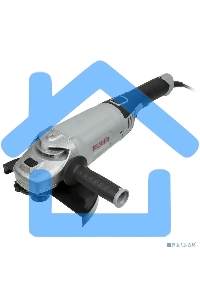 Углошлифовальная машина Ресанта УШМ-230/2300 2300Вт 6000об/мин рез.шпин.:M14 d=230мм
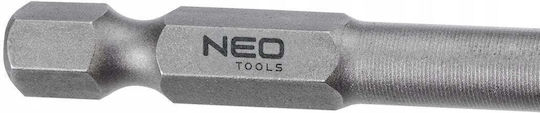 Neo Tools Set 5 burghie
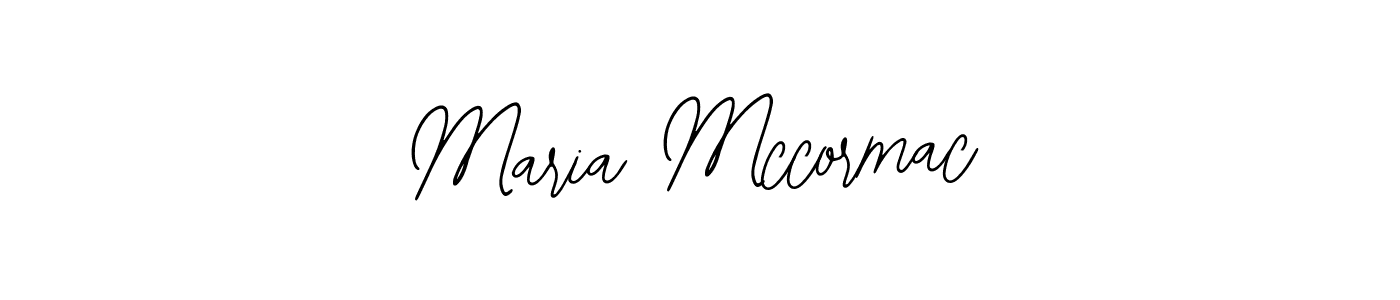 Also we have Maria Mccormac name is the best signature style. Create professional handwritten signature collection using Bearetta-2O07w autograph style. Maria Mccormac signature style 12 images and pictures png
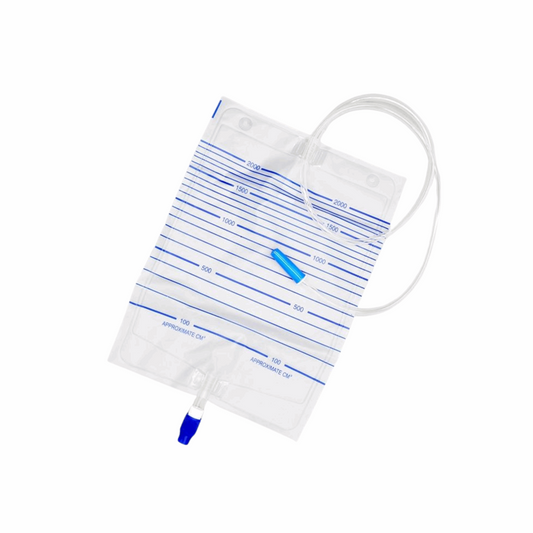 Urine Bags (10's) from R 58 Shop now at Josec Supplies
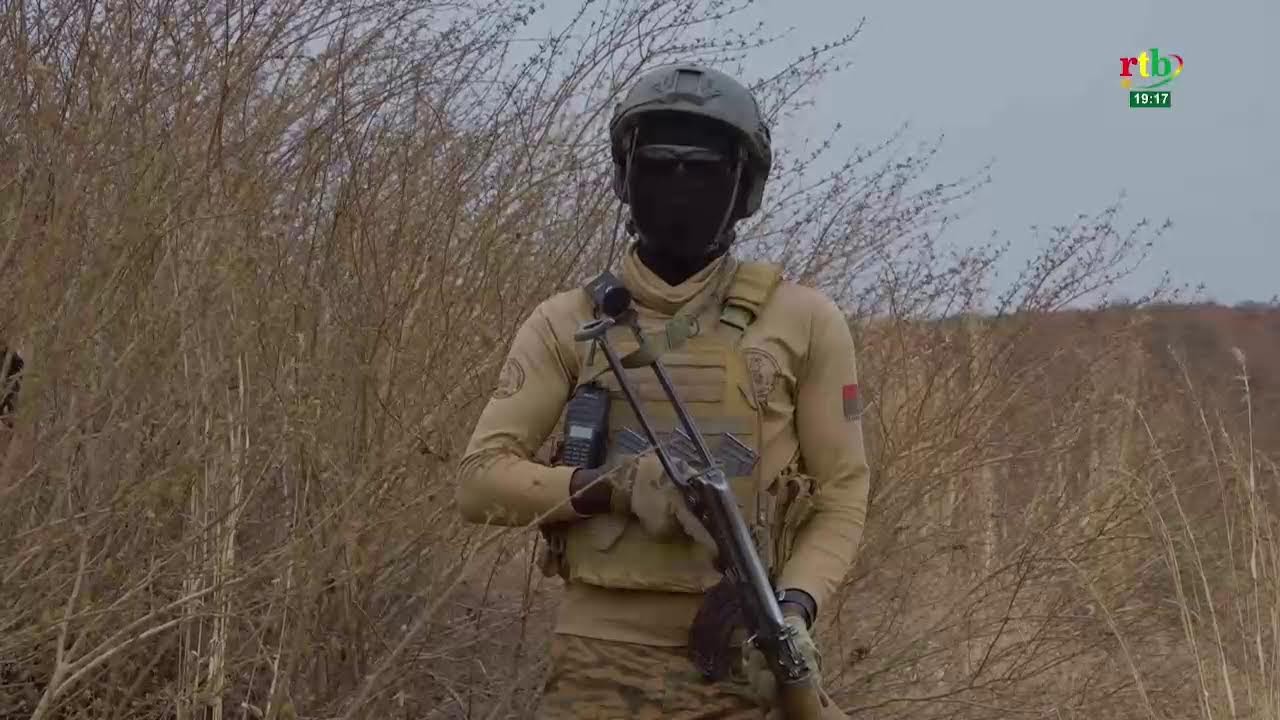 RTB - JT de 19H du 09 avril 2026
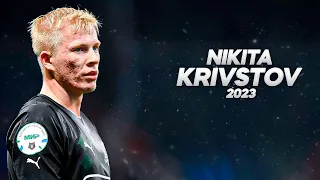 Nikita Krivtsov Deserves Your Attention ! 2023ᴴᴰ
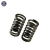 Import OEM Custom Nitinol Carbon Steel Coiled Helical Compression Spring from China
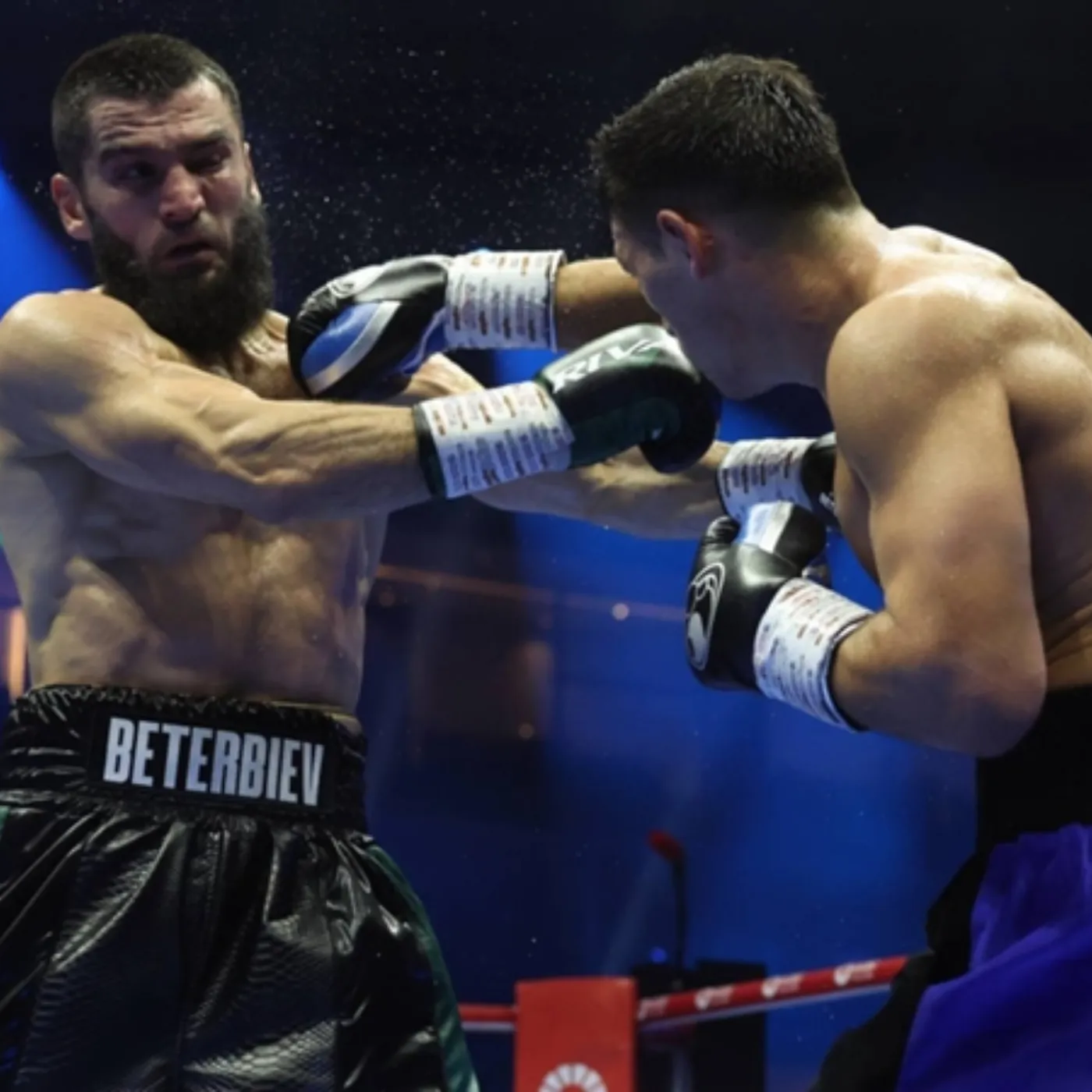 Bivol vs. Beterbiev III: A Legacy-Defining Battle in an 81,000-Seat Stadium?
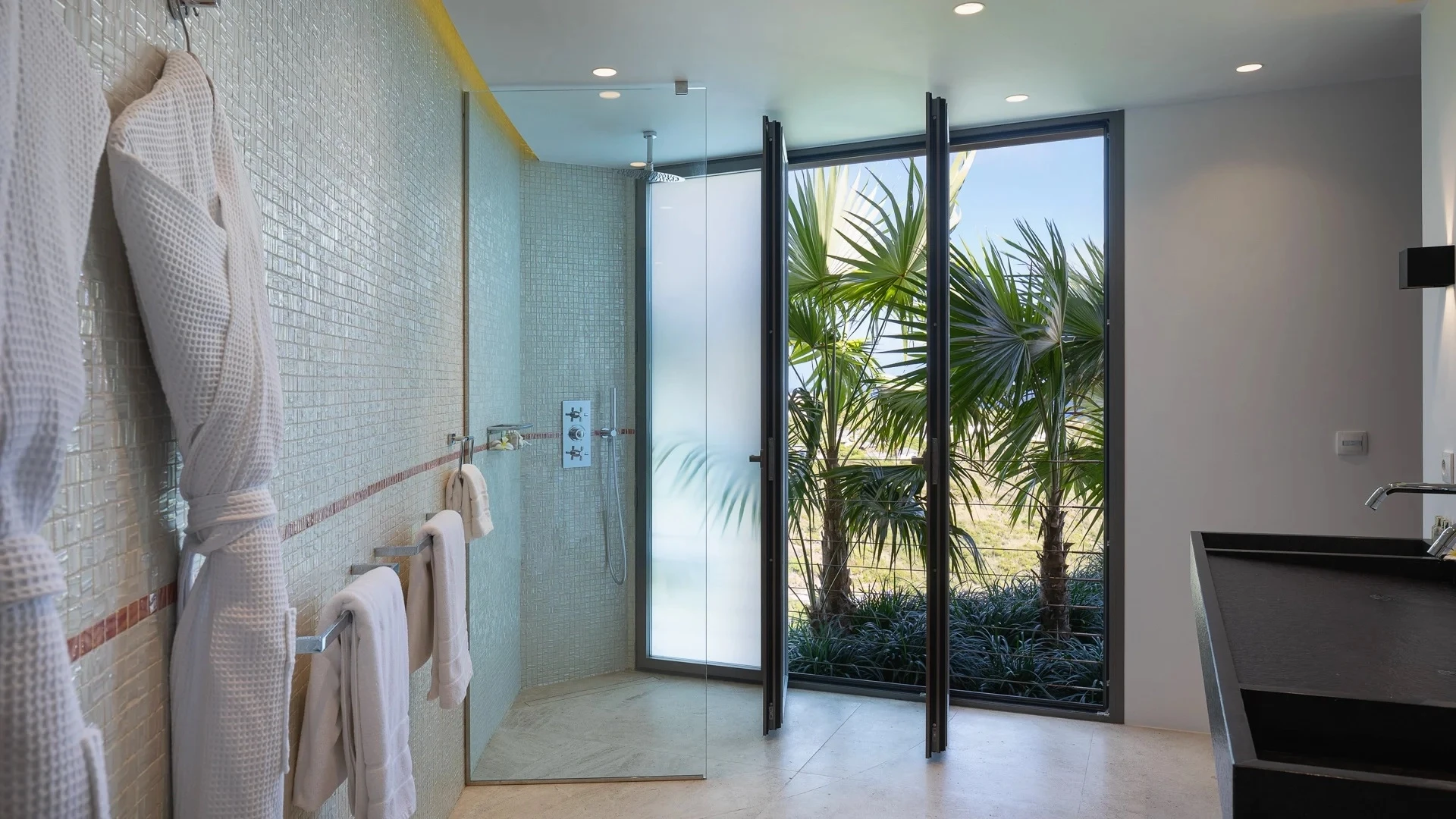 The Epicure Villa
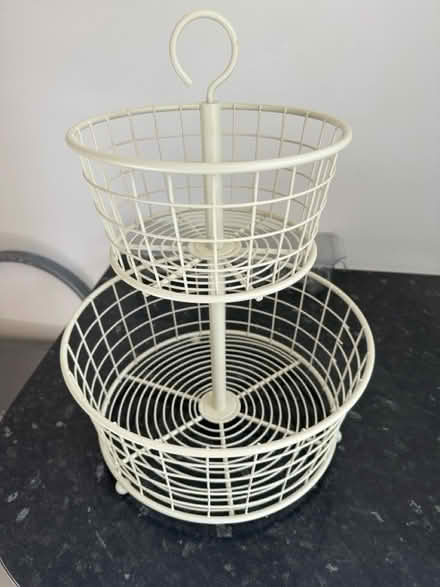 Photo of free Fruit bowl (Wakefield WF3) #2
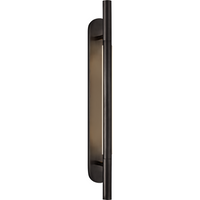 Rousseau Medium Bracketed Sconce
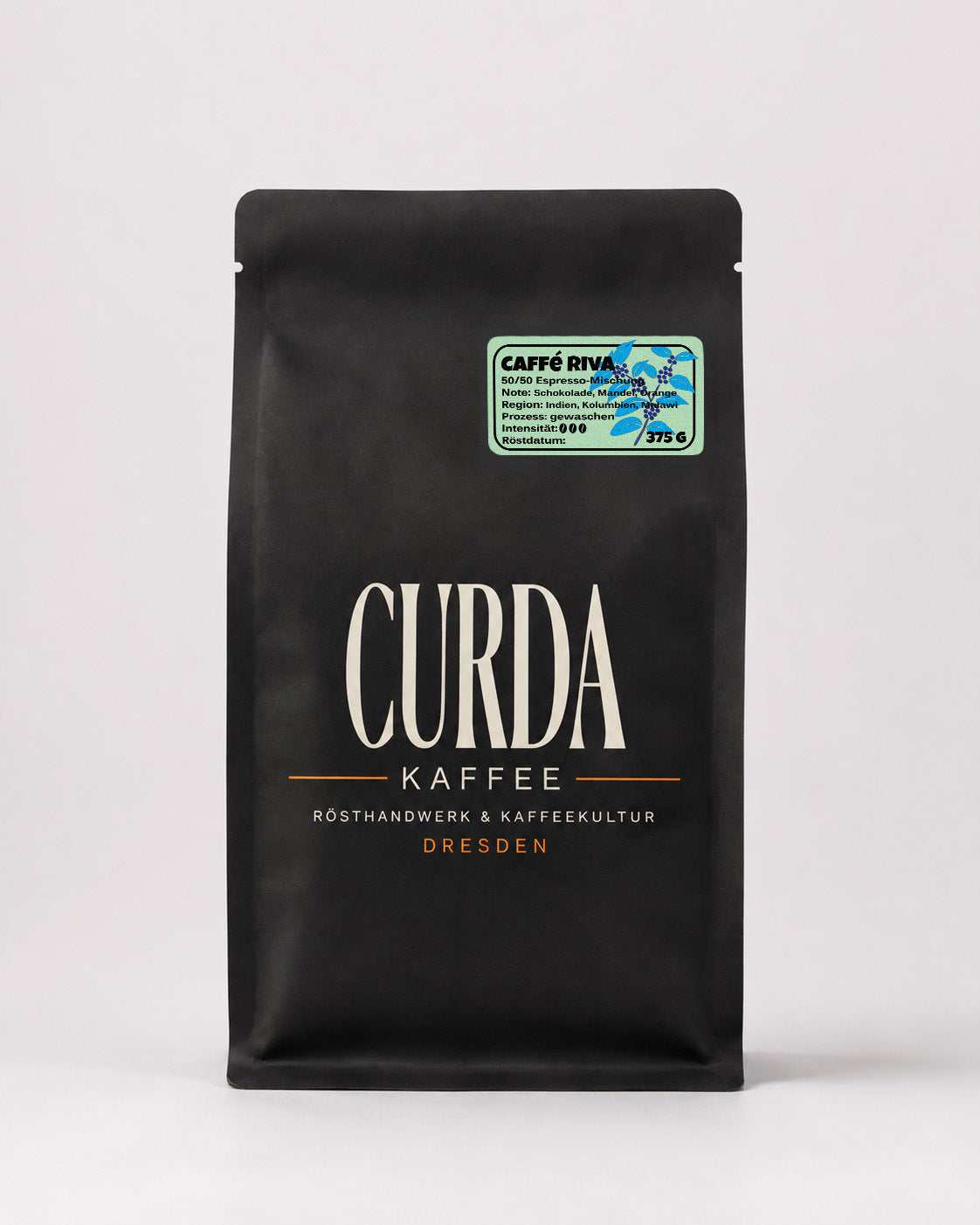 Caffé Riva Espresso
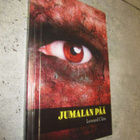 JUMALAN PÄÄ - LEONARD CLINE - pikkukuva 1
===============
◆ WHAT NEEDS TO BE DONE ◆
Pictures are to be left out; the records above must be repeated word for word.

◆ RESULT OF THE TASK ◆
 Углошлифовальная машина Ресанта УШМ-230/2300 2300Вт 6000об/мин рез.шпин.:M14 d=230мм
 Neo Tools Set 5 burghie
 Also we have Maria Mccormac name is the best signature style. Create professional handwritten signature collection using Bearetta-2O07w autograph style. Maria Mccormac signature style 12 images and pictures png
 Urine Bags (10's) from R 58 Shop now at Josec Supplies
 RTB - JT de 19H du 09 avril 2026
 Nikita Krivtsov Deserves Your Attention ! 2023ᴴᴰ
 Import OEM Custom Nitinol Carbon Steel Coiled Helical Compression Spring from China
 Bivol vs. Beterbiev III: A Legacy-Defining Battle in an 81,000-Seat Stadium?
 The Epicure Villa
 Photo of free Fruit bowl (Wakefield WF3) #2
 Rousseau Medium Bracketed Sconce
 Caffé Riva Espresso
 JUMALAN PÄÄ - LEONARD CLINE - pikkukuva 1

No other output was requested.